The copy you give must match the listing below exactly and contain no pictures.

- [Data excerpt]:
**********

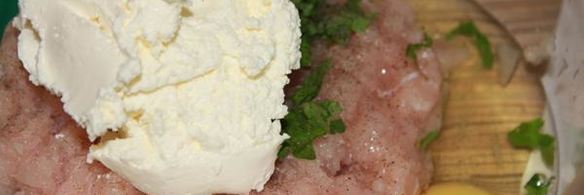 фрикадельки со сливочным сыром в белом соусе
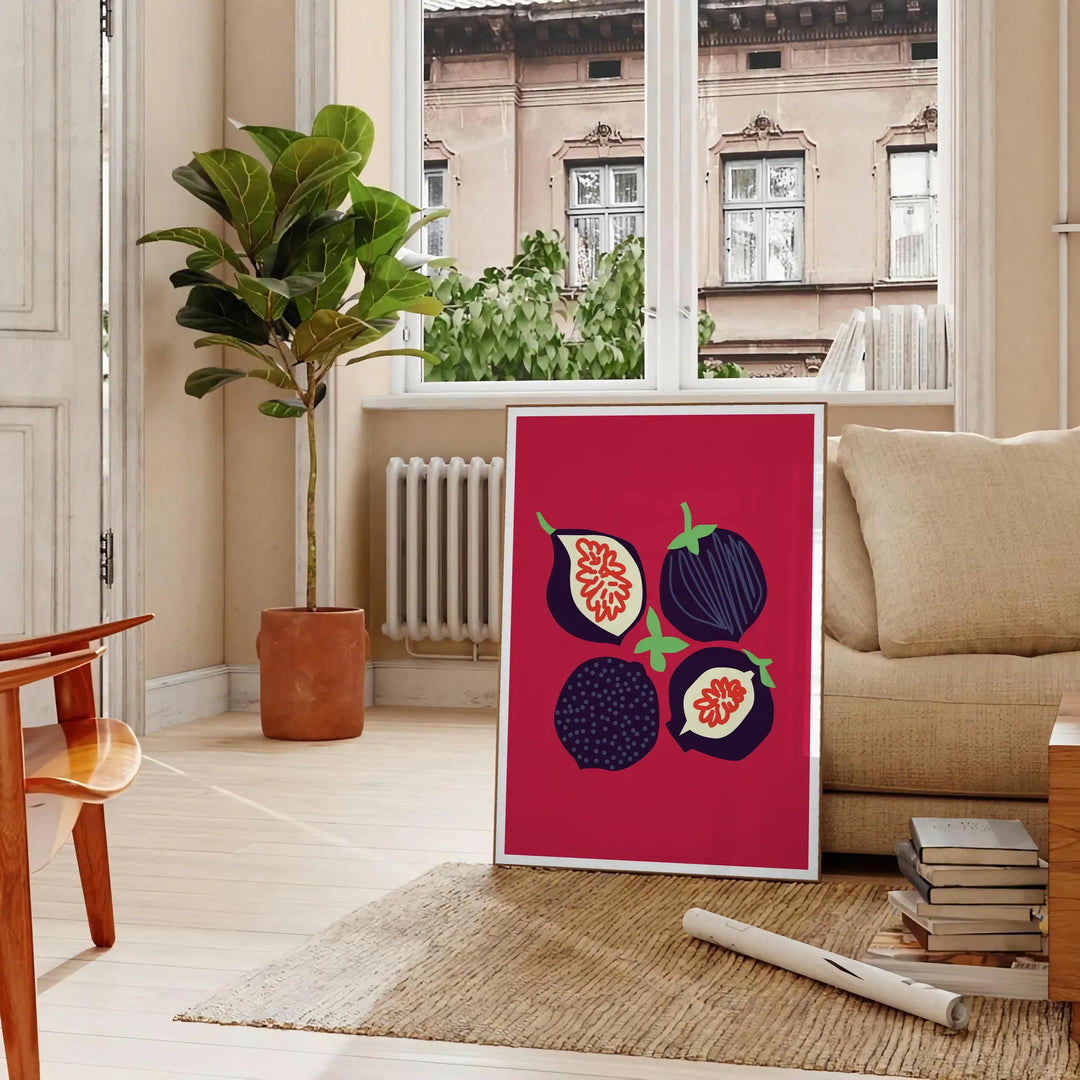 représentation abstraite de fruits dans des tons verts sur fond noir - dans un salon parisien avec canapé et ficus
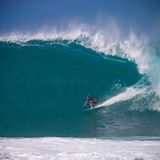 Sieht ganz leicht aus, geht aber alles in Echtzeit ziemlich schnell: Pat Gudauskas rast in Haleiwa vor Oahu eine haushohe Welle hinunter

**********

- [Exercise output]:
 фрикадельки со сливочным сыром в белом соусе
 représentation abstraite de fruits dans des tons verts sur fond noir - dans un salon parisien avec canapé et ficus
 Sieht ganz leicht aus, geht aber alles in Echtzeit ziemlich schnell: Pat Gudauskas rast in Haleiwa vor Oahu eine haushohe Welle hinunter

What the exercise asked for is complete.